Scientific users need to be able to package non-python libs along with python libs (think zmq, or libhdf5, or R) we need a pkg mgmt solution that sits OUTSIDE of python for this reason. You can think of conda as a little in between place between virtualenv and docker


No, no no. No 'alternately'. The python community needs to pick ONE standard and, uh...standardize on it.


This isn't the issue.

Wheels and Conda are almost completely orthogonal. Conda is a higher level abstraction than pip. Wheels is operating at the lowest level of abstraction.

Multiple package management tools are relatively fine. Having multiple competing format standards (egg vs wheel vs lots of other options) would be a disaster.

(For reference, there's .deb versus .rpm, but also dpkg versus apt-get versus yum versus up2date versus...)


From a continuum.io blog post about Conda [1]:

> Having been involved in the python world for so long, we are all aware of pip, easy_install, and virtualenv, but these tools did not meet all of our specific requirements. The main problem is that they are focused around Python, neglecting non-Python library dependencies, such as HDF5, MKL, LLVM, etc., which do not have a setup.py in their source code and also do not install files into Python’s site-packages directory.

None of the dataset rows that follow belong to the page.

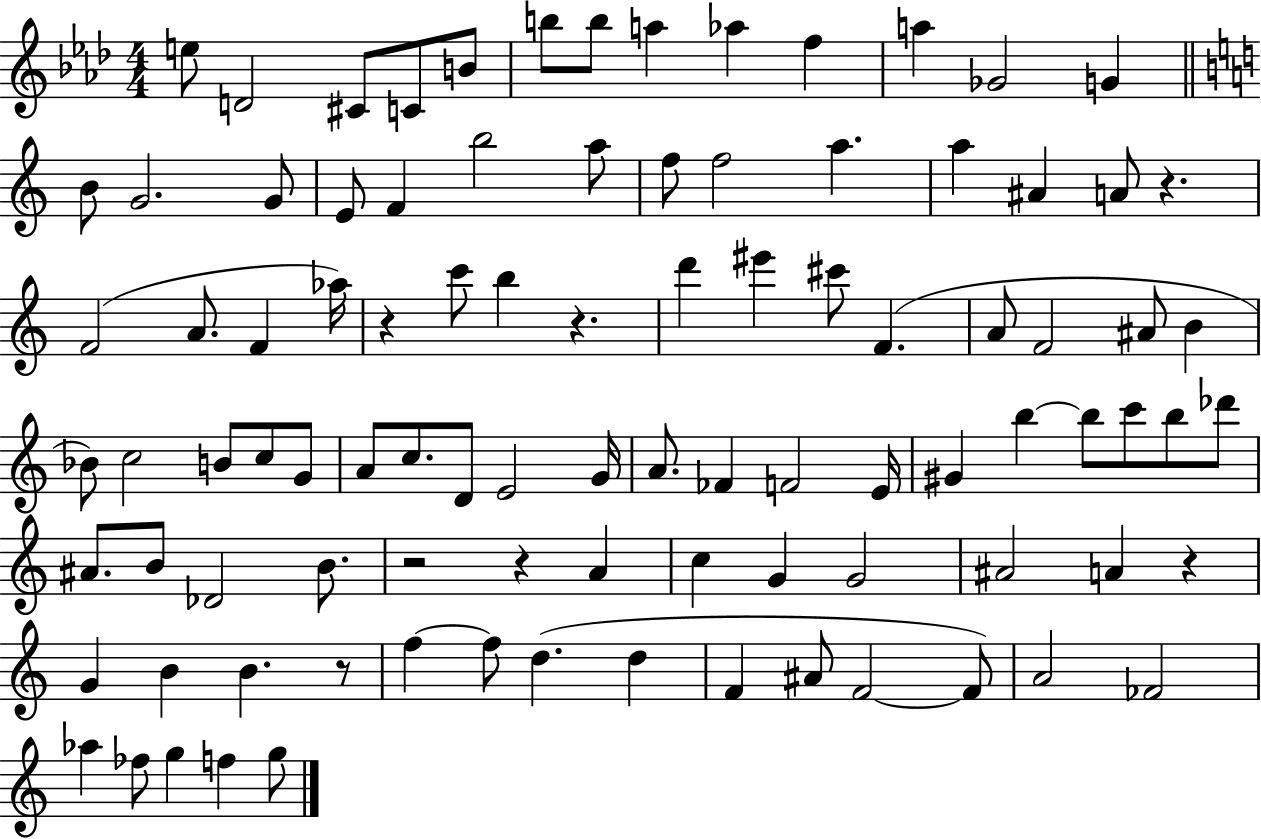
E5/e D4/h C#4/e C4/e B4/e B5/e B5/e A5/q Ab5/q F5/q A5/q Gb4/h G4/q B4/e G4/h. G4/e E4/e F4/q B5/h A5/e F5/e F5/h A5/q. A5/q A#4/q A4/e R/q. F4/h A4/e. F4/q Ab5/s R/q C6/e B5/q R/q. D6/q EIS6/q C#6/e F4/q. A4/e F4/h A#4/e B4/q Bb4/e C5/h B4/e C5/e G4/e A4/e C5/e. D4/e E4/h G4/s A4/e. FES4/q F4/h E4/s G#4/q B5/q B5/e C6/e B5/e Db6/e A#4/e. B4/e Db4/h B4/e. R/h R/q A4/q C5/q G4/q G4/h A#4/h A4/q R/q G4/q B4/q B4/q. R/e F5/q F5/e D5/q. D5/q F4/q A#4/e F4/h F4/e A4/h FES4/h Ab5/q FES5/e G5/q F5/q G5/e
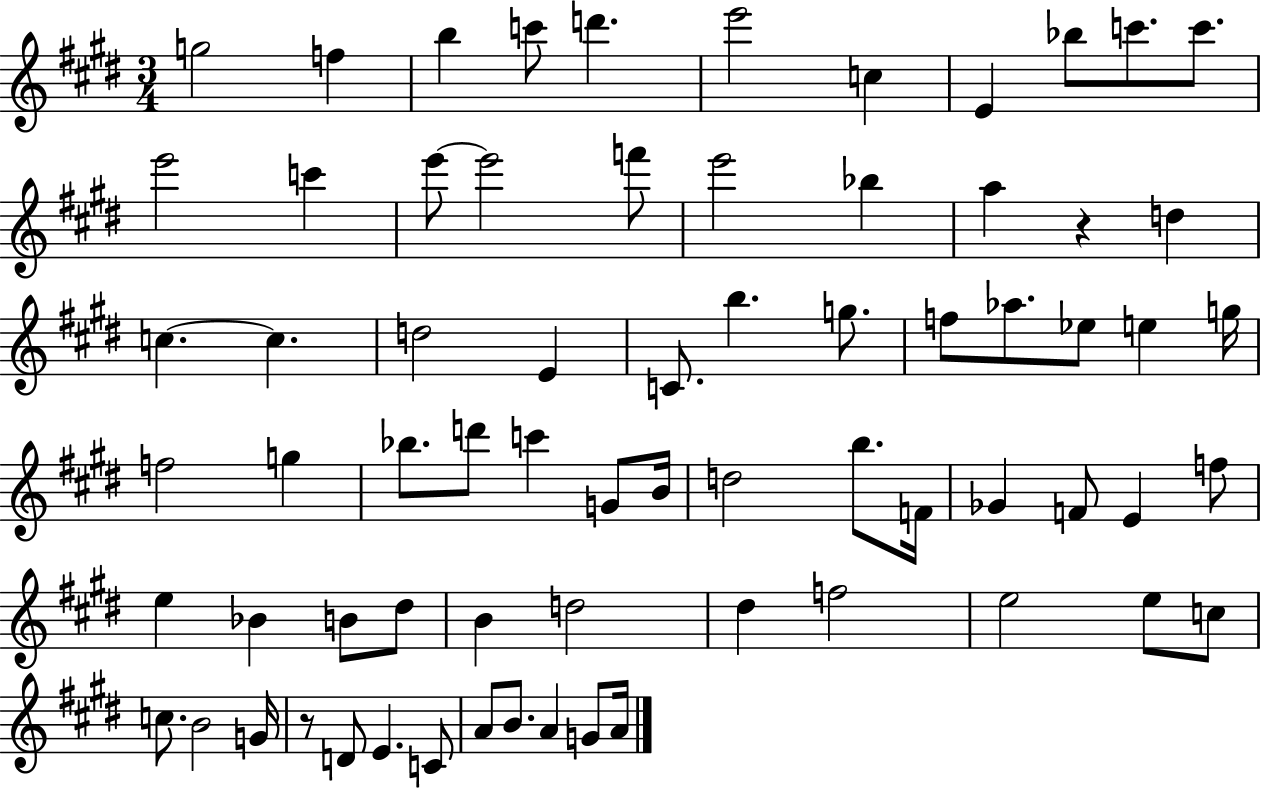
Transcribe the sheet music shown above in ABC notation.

X:1
T:Untitled
M:3/4
L:1/4
K:E
g2 f b c'/2 d' e'2 c E _b/2 c'/2 c'/2 e'2 c' e'/2 e'2 f'/2 e'2 _b a z d c c d2 E C/2 b g/2 f/2 _a/2 _e/2 e g/4 f2 g _b/2 d'/2 c' G/2 B/4 d2 b/2 F/4 _G F/2 E f/2 e _B B/2 ^d/2 B d2 ^d f2 e2 e/2 c/2 c/2 B2 G/4 z/2 D/2 E C/2 A/2 B/2 A G/2 A/4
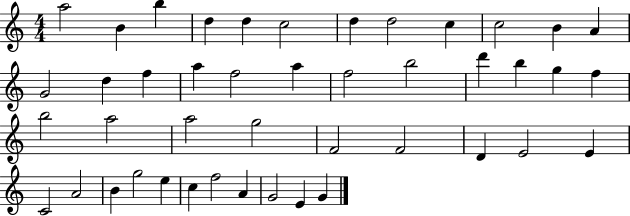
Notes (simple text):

A5/h B4/q B5/q D5/q D5/q C5/h D5/q D5/h C5/q C5/h B4/q A4/q G4/h D5/q F5/q A5/q F5/h A5/q F5/h B5/h D6/q B5/q G5/q F5/q B5/h A5/h A5/h G5/h F4/h F4/h D4/q E4/h E4/q C4/h A4/h B4/q G5/h E5/q C5/q F5/h A4/q G4/h E4/q G4/q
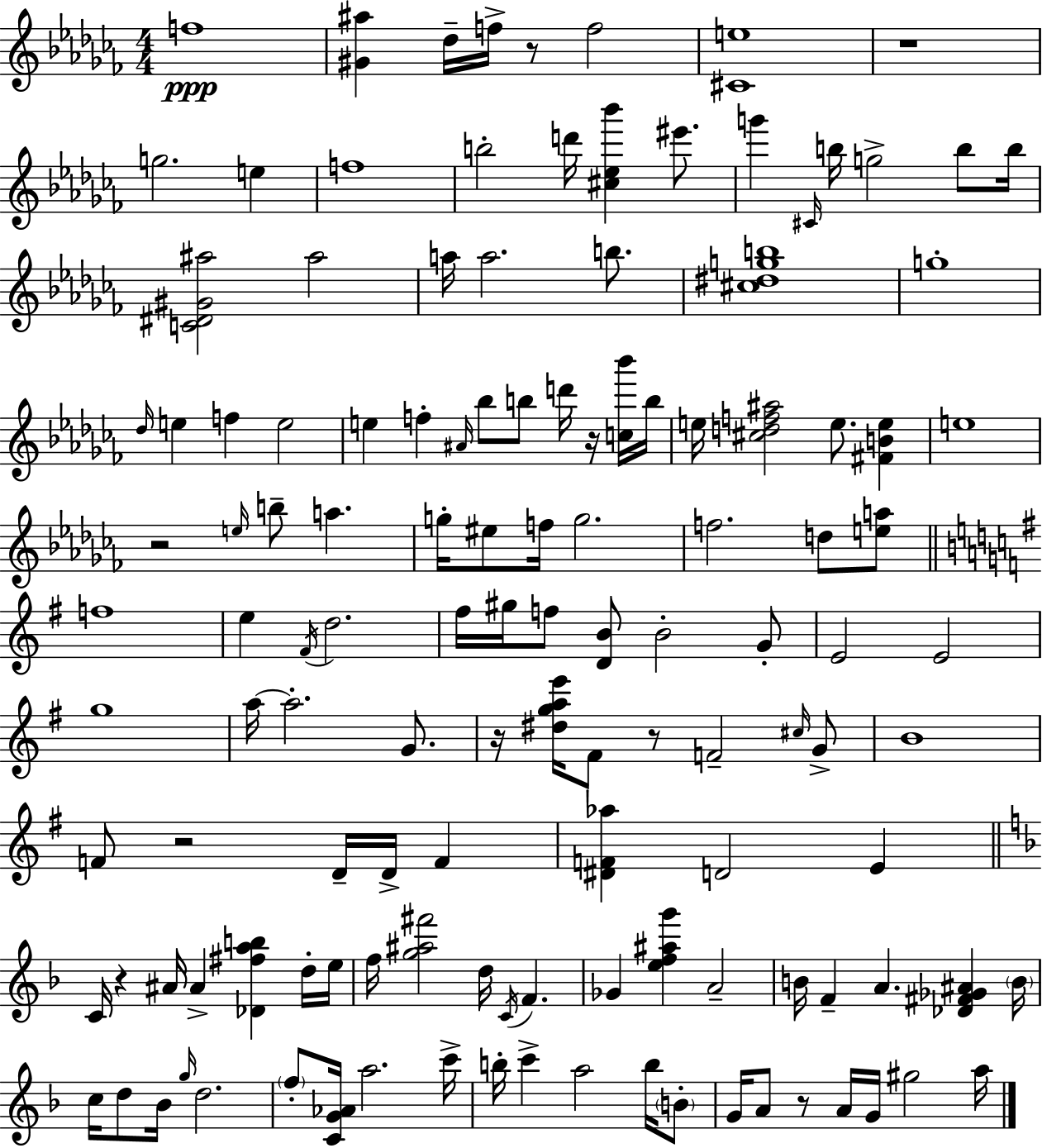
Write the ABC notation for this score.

X:1
T:Untitled
M:4/4
L:1/4
K:Abm
f4 [^G^a] _d/4 f/4 z/2 f2 [^Ce]4 z4 g2 e f4 b2 d'/4 [^c_e_b'] ^e'/2 g' ^C/4 b/4 g2 b/2 b/4 [C^D^G^a]2 ^a2 a/4 a2 b/2 [^c^dgb]4 g4 _d/4 e f e2 e f ^A/4 _b/2 b/2 d'/4 z/4 [c_b']/4 b/4 e/4 [^cdf^a]2 e/2 [^FBe] e4 z2 e/4 b/2 a g/4 ^e/2 f/4 g2 f2 d/2 [ea]/2 f4 e ^F/4 d2 ^f/4 ^g/4 f/2 [DB]/2 B2 G/2 E2 E2 g4 a/4 a2 G/2 z/4 [^dgae']/4 ^F/2 z/2 F2 ^c/4 G/2 B4 F/2 z2 D/4 D/4 F [^DF_a] D2 E C/4 z ^A/4 ^A [_D^fab] d/4 e/4 f/4 [g^a^f']2 d/4 C/4 F _G [ef^ag'] A2 B/4 F A [_D^F_G^A] B/4 c/4 d/2 _B/4 g/4 d2 f/2 [CG_A]/4 a2 c'/4 b/4 c' a2 b/4 B/2 G/4 A/2 z/2 A/4 G/4 ^g2 a/4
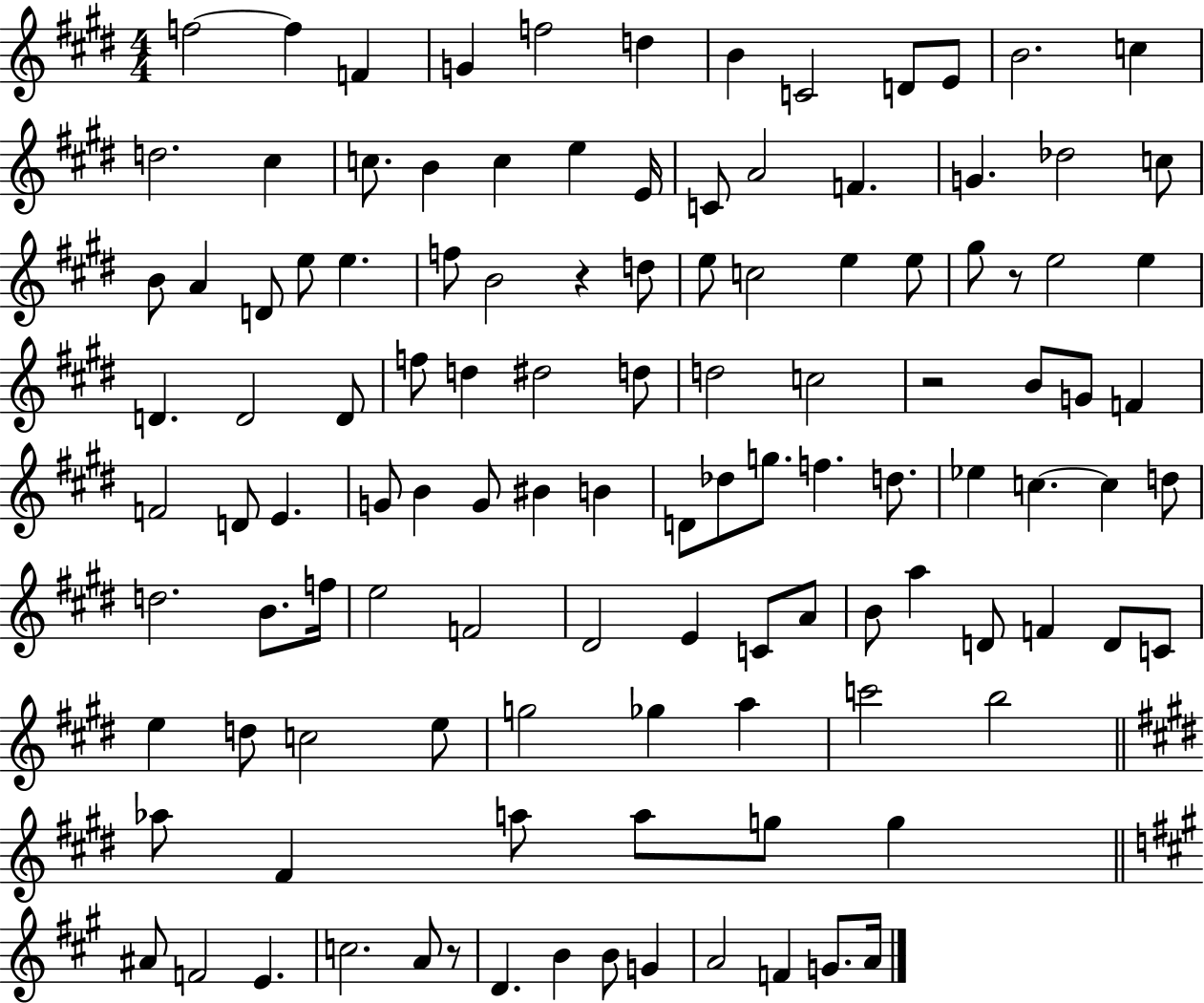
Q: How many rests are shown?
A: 4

I haven't used Conda, but I totally get their main point here. Python packages sometimes depend upon non-Python packages. Any Python-specific packaging solution that cannot express that e.g. a Python package depends upon a native library does not really solve this problem.

I don't regard packaging, dependency management, and isolation as programming-language-dependent problems.

[1] http://www.continuum.io/blog/conda


Conda certainly sounds ambitious -- but I'm doubtful how useful it really is. As I see it, it mainly fills two needs: the lack of a package manager on OS X and the lack of a package manager on Windows.

Windows is getting a package manager now, and OS X arguably have the App Store.

Everywhere else (read: Linux/BSD) -- most of what's packaged by Conda, is already packaged by the vendor.

In short: I don't think it's the best way forward (but it may very well be the best way for many usecases/users right now and in the near future).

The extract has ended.